とても立派な内藤鳴雪①

大正4.4.10日本社発行『鳴雪俳句鈔』
昭和60.10.19松山子規会発行
畠中淳編著『内藤鳴雪』
平成14.7.16岩波書店発行『鳴雪自叙伝』

久しぶりに仲良しの楓子さんとご飯を食べに行きました。最近僕がハマっているアジアな店があってですね、カレーやナンが実に美味しいので行こうよ、って話になって。

楓子さん「私は実は結構辛いの 大丈夫なの」

と言うからカレーの辛さをレベル2の「ホット」にしたらほんとに辛くて、僕も辛いの好きなんですがほんとに辛くて…

あろうことにか楓子さんが僕のポークカレー(あまり辛くない)の方にばかりナンを付けてはパクパク食べて「あー、辛い、辛い、野菜カレーが辛い」と自分の野菜カレー(辛い)をほとんど食べないではありませんか…

そりゃないぜ楓子さん

あろうことにか楓子さんは「麒麟さんはビールあるから大丈夫でしょ」と僕の水もごくごく飲んでしまうではないか…

そりゃないぜ楓子さん

あろうことにか最終的に楓子さんは、僕のポークカレー(肉によってむしろちょっと甘い)と野菜カレー(辛い)をくるりと場所を交換してしまい、まるで僕が野菜カレー(ほんと辛い)を残してしまっているかのようにしてしまったではないか…。

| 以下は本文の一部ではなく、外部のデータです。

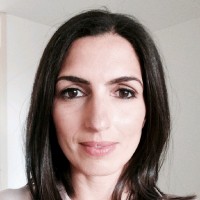 Cristina Perles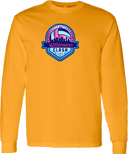 Long Sleeves - K2 Wilderness Clash Tournament 2026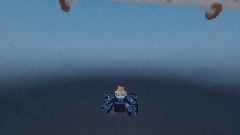 A screenshot taken in Dreams. 3 of 29.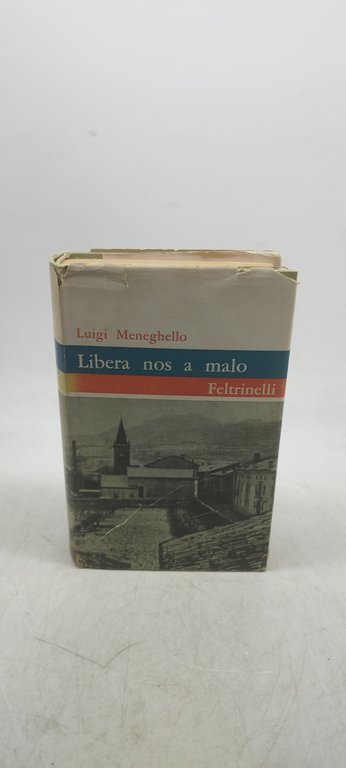 libera nos a malo feltrinelli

汗をかいてヒーヒー言いながら、まぁそういうのもとても楽しかったです。

えーと、楓子さんは僕の水とか全部飲んだけど、とても優しい女性です。

同じ年齢の友達というのは嬉しいもんです。

さて、給料日に走って古本屋に行き、前から欲しかった内藤鳴雪の本を買いましたので、元々持っていた本と一緒に読んでいきましょう。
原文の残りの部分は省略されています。